Every day at Amazon fulfillment centers, more than half a million robots assist with stocking inventory, filling orders, and sorting packages for delivery. These robots follow directions provided by cloud-based algorithms and navigate along a grid of encoded markers. Virtual and physical barriers restrict their interactions with people, as well as where they can and cannot go.
Now, the company is testing a new class of robots that use artificial intelligence and computer vision to roam freely throughout the fulfillment center (FC). They are helping associates accomplish tasks such as transporting oversized and unwieldy items through the shape-shifting maze of people, pallets, and pillars laid out across the fulfillment center floor, which can cover several dozen football fields.
“This is the first instance of AI being used in autonomous mobility at Amazon,” said Siddhartha Srinivasa, director of Amazon Robotics AI.
The key to success for these new robots is what Amazon scientists call semantic understanding: the ability of robots to understand the three-dimensional structure of their world in a way that distinguishes each object in it and with knowledge about how each object behaves. With this understanding updated in real-time, the robots can safely navigate cluttered, dynamic environments.
For now, these robots are deployed in a few fulfillment centers where they are performing a narrow set of tasks. Researchers are exploring how to integrate these robots seamlessly and safely with the established processes that Amazon associates follow to fulfill millions of customer orders every day.
“We don’t develop technology for technology’s sake,” said Srinivasa. “We want to develop technology with an end goal in mind of empowering our associates to perform their activities better and safer. If we don’t integrate seamlessly end-to-end, then people will not use our technology.”
Robots today
About 10% of the items ordered from the Amazon Store are too long, wide, or otherwise unwieldy to fit in pods or on conveyor belts in many Amazon FCs. Today, FC employees transport these oversized items across the fulfillment center with pulleys and forklifts, navigating the ever-shifting maze of pods, pallets, robots, and people. The goal is to have robots handle this sometimes awkward task.
Ben Kadlec, perception lead for Amazon Robotics AI, is leading the development of the AI for the new robots. His team has deployed the robots for preliminary testing as autonomous transports for non-conveyable items.
To succeed, the robots need to be able to map their environment in real-time and understand what’s a stationary object — and what’s not — and use that information to make on-the-fly decisions about where to go, and how to avoid collisions to safely deliver the oversized items to their intended destinations.
“Navigating through those dynamic spaces is one aspect of the challenge,” he said. “The other one is working in close proximity with humans. That has to do with first recognizing that this thing in front of you is a human and it might move, you might need to keep a further distance from it to be safe, you might need to predict the direction the human is going.”
Teaching robots what’s what
We humans learn about the objects in our environment and how to safely navigate around them through curiosity and trial and error, along with the guidance of family, friends, and teachers. Kadlec and his team use machine learning.

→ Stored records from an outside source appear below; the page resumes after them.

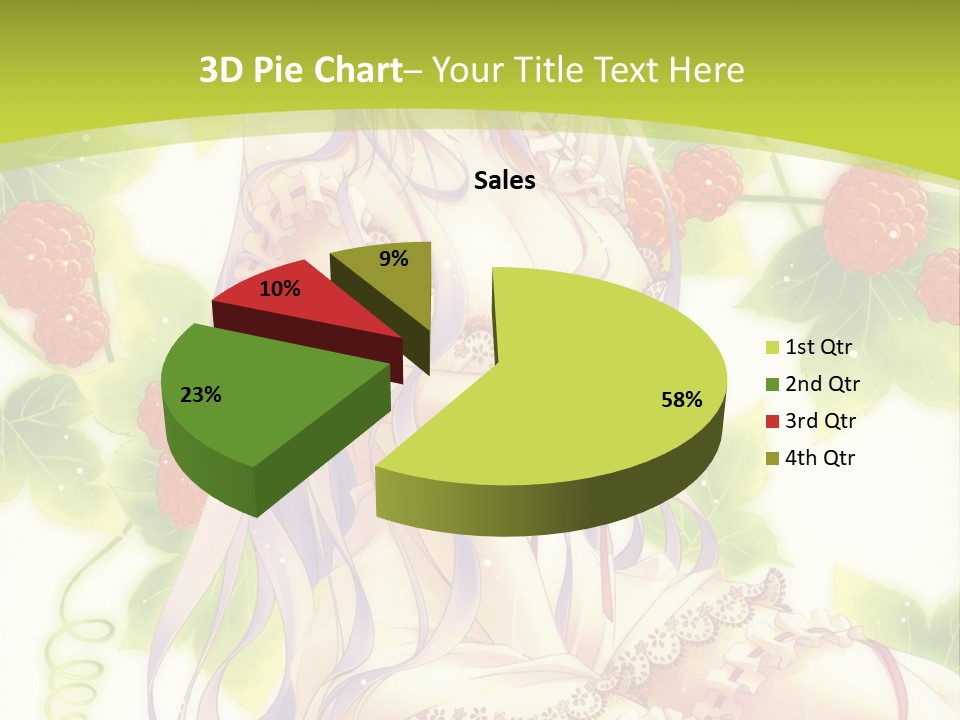 A Girl In A Pink Dress Sitting On A Green Background PowerPoint Template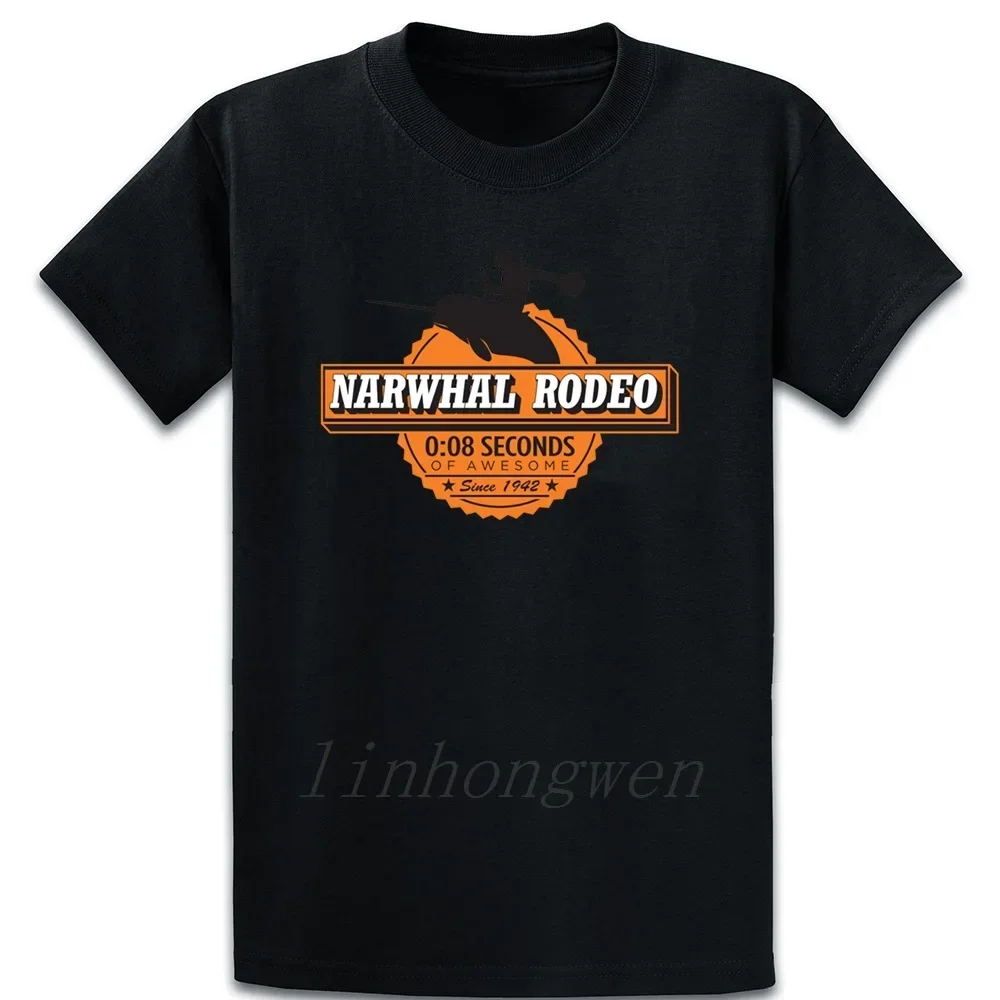 

Narwhal Rodeo Awesome Orange Couple Short Sleeved T-shirt For Men Women Breathable Casual Pure Cotton Loose Tops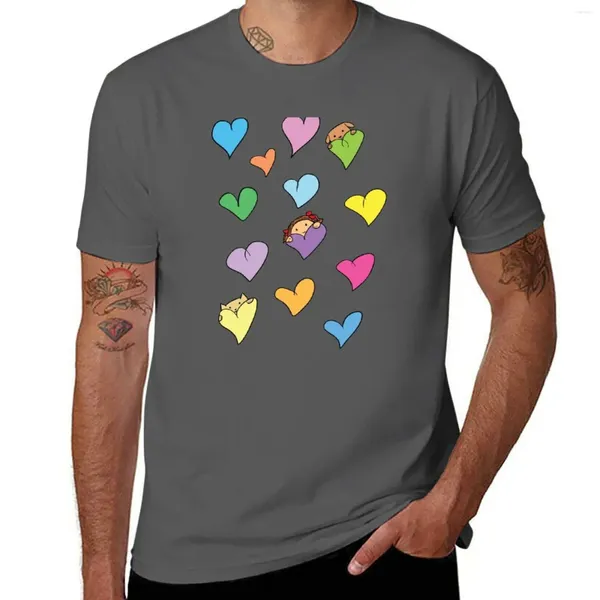 Camisetas sin mangas para hombre, camiseta de corazones con cachorro, gatito y niña, camiseta de gran tamaño, ropa estética, camisetas divertidas de algodón para hombre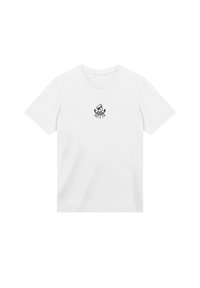 Weißes Baumwoll-T-Shirt mit kleinem schwarzem grafischen Design eines Seemanns und eines Ankers auf der Vorderseite. Kurze Ärmel und Rundhals.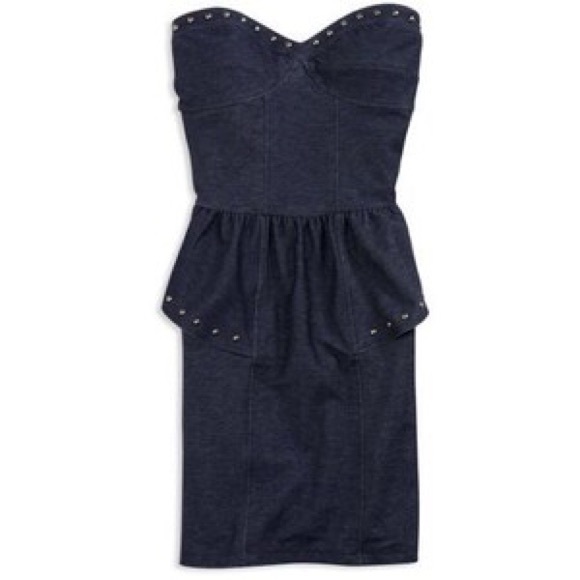 Stretch Denim Strapless Studded Dress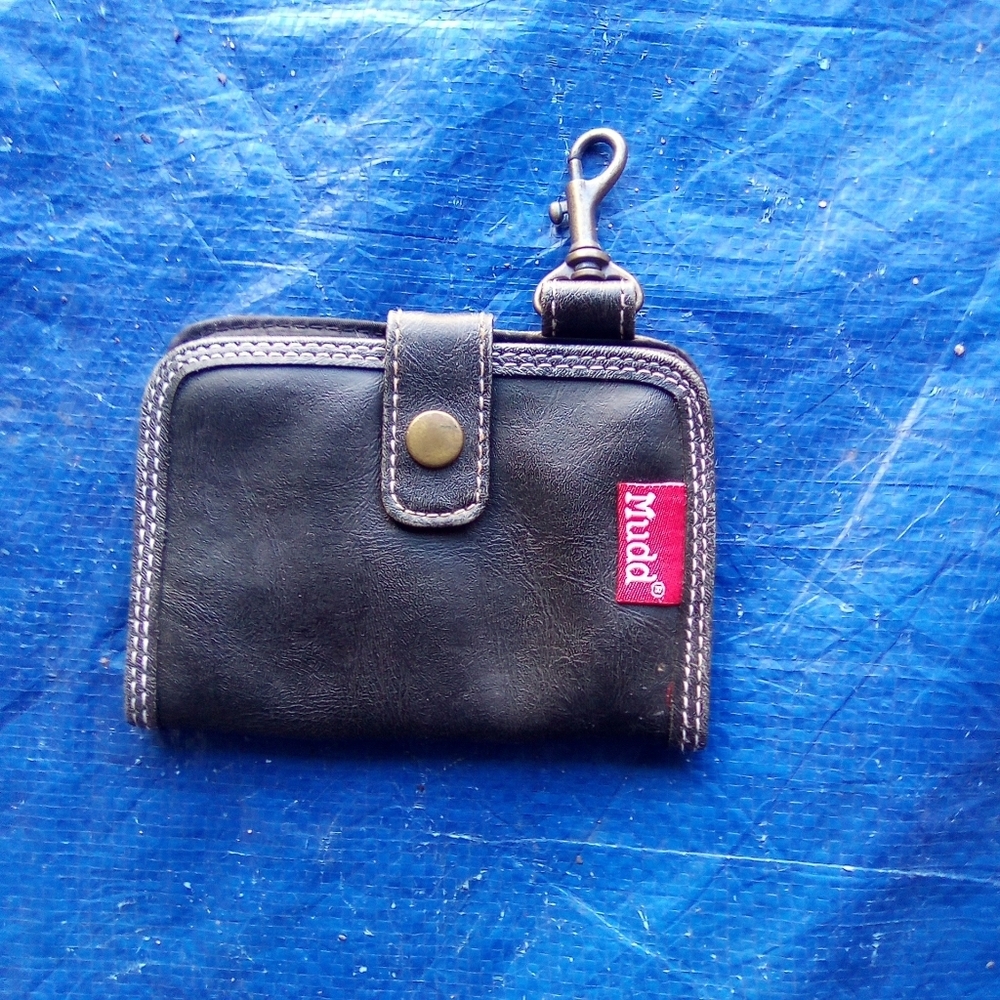 Black Wallet with Snap Closure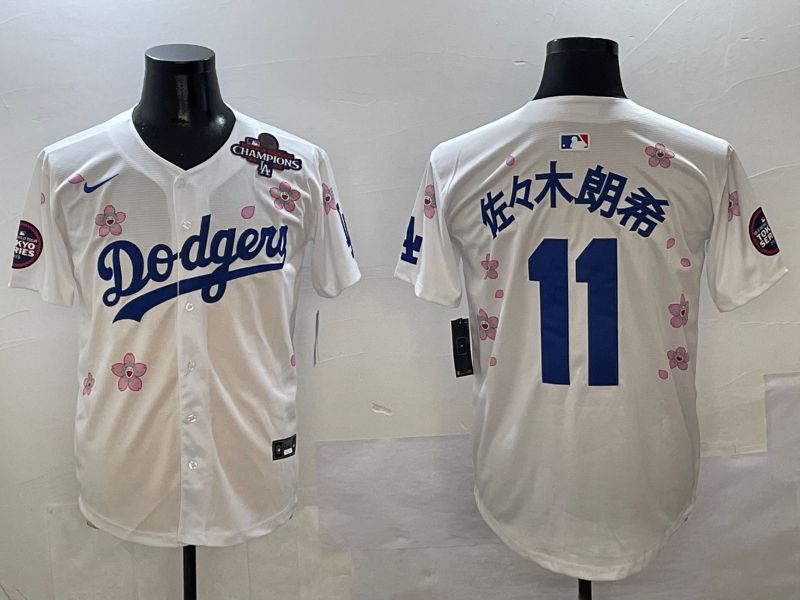 Men Los Angeles Dodgers #11 R.Sasaki White Sakura Edition 2025 Nike MLB Jersey style 5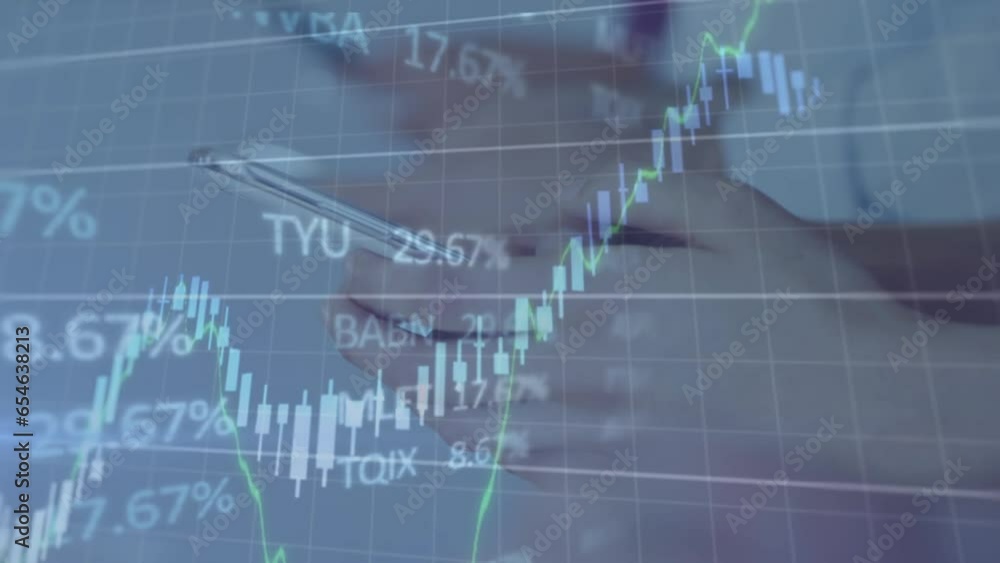 Poster animation of multiple graphs and trading board over caucasian people using smartphone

The process begins with semantic understanding, or scene comprehension, based on data collected with the robot’s cameras and LIDAR.
“When the robot takes a picture of the world, it gets pixel values and depth measurements,” explained Lionel Gueguen, an Amazon Robotics AI machine learning applied scientist. “So, it knows at that distance, there are points in space — an obstacle of some sort. But that is the only knowledge the robot has without semantic understanding.”
Semantic understanding, he continued, is about teaching the robot to define that point in space — to determine if it belongs to a person, a pod, or a pillar. Or, if it’s a cable lying across the floor, or a forklift, or another robot.
When these labels are layered on top of the three-dimensional visual representation, the robot can then classify the point in space as stable or mobile and use that information to calculate the safest path to its destination.
“The navigation system does what we call semantically aware planning and navigation,” said Srinivasa. “The intuition is very simple: The way a robot moves around a trash can is probably going to be different from the way it navigates around a person or a precious asset. The only way the robot can know that is if it’s able to identify, ‘Oh that’s the trash can or that’s the person.’ And that’s what our AI is able to do.”
To teach the robots semantics, scientists collected thousands of images taken by the robots as they navigated. Then, teams trace the shape of each object in each image and label it. Data scientists use this labeled data to train a machine learning model that segments and labels each object in the cameras’ field of view, a process known as semantic segmentation.
Layered on top of the semantic understanding are predictive models that teach the robot how to treat each object detected. When it detects a pillar, for example, it knows that pillars are static and will always be there. The team is working on another model to predict the paths of the people the robot encounters, and adjust course accordingly.
“Our work is improving the representation of static obstacles in the present as well as starting to model the near future of where the dynamic obstacles are going to be,” said Gueguen. “And that representation is passed down in such a way that the robot can plan accordingly to, on one hand, avoid static obstacles and on the other hand avoid dynamic obstacles.”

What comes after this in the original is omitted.